● **YOUR INSTRUCTIONS**
Write out the data word for word and drop any picture you find.

^^^^^^^^^^^^^^^^

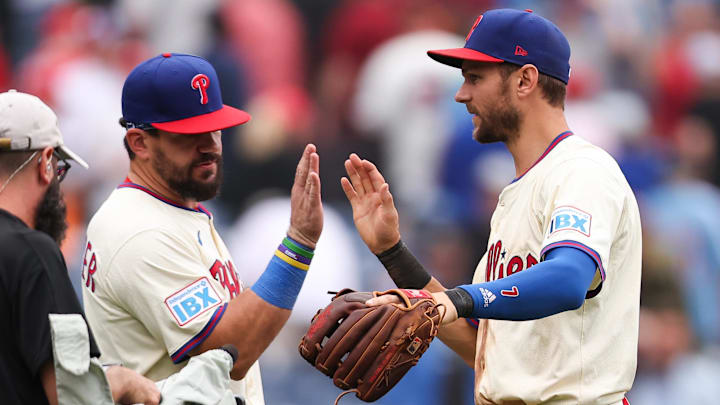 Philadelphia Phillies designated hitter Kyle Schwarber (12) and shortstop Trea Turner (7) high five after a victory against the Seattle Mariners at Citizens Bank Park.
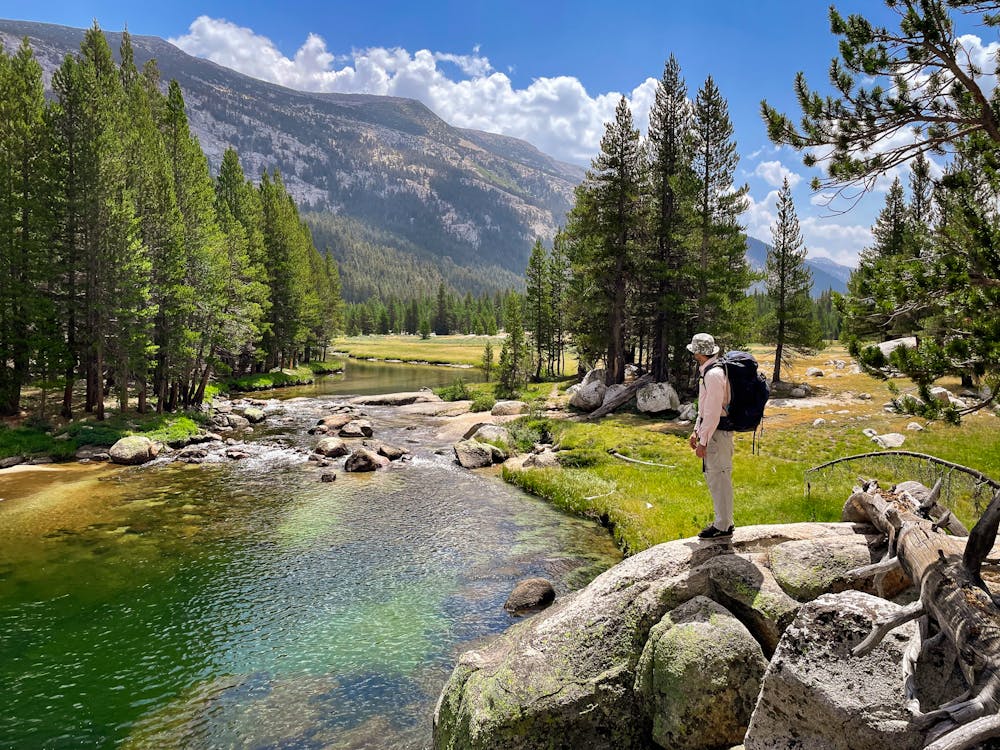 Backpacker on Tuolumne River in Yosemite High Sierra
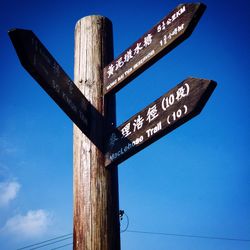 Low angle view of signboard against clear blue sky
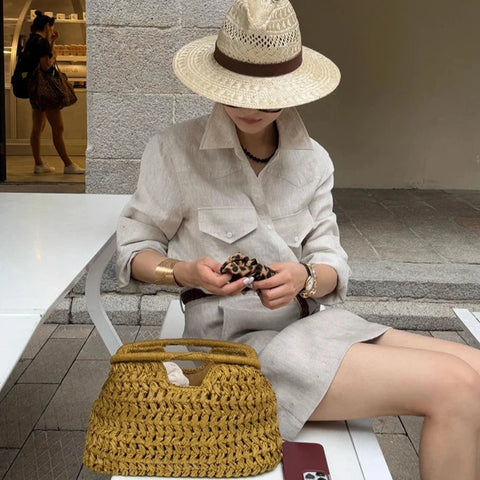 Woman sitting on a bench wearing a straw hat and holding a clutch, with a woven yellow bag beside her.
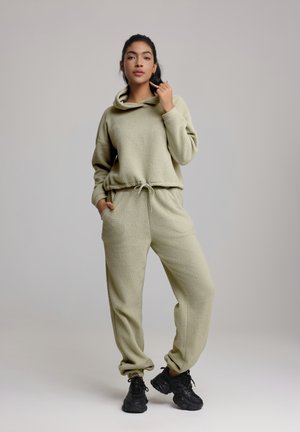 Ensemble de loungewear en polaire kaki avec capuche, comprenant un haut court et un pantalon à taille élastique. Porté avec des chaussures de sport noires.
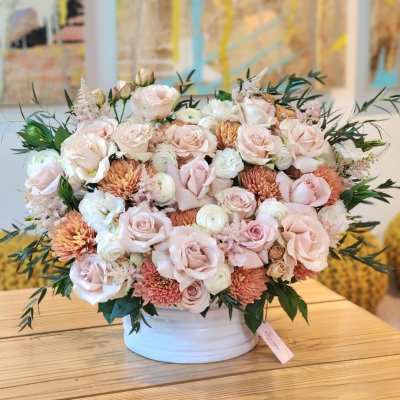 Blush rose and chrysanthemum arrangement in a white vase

^^^^^^^^^^^^^^^^

● **RESPONSE TO THE TASK**
 Philadelphia Phillies designated hitter Kyle Schwarber (12) and shortstop Trea Turner (7) high five after a victory against the Seattle Mariners at Citizens Bank Park.
 Backpacker on Tuolumne River in Yosemite High Sierra
 Low angle view of signboard against clear blue sky
 Woman sitting on a bench wearing a straw hat and holding a clutch, with a woven yellow bag beside her.
 Ensemble de loungewear en polaire kaki avec capuche, comprenant un haut court et un pantalon à taille élastique. Porté avec des chaussures de sport noires.
 Blush rose and chrysanthemum arrangement in a white vase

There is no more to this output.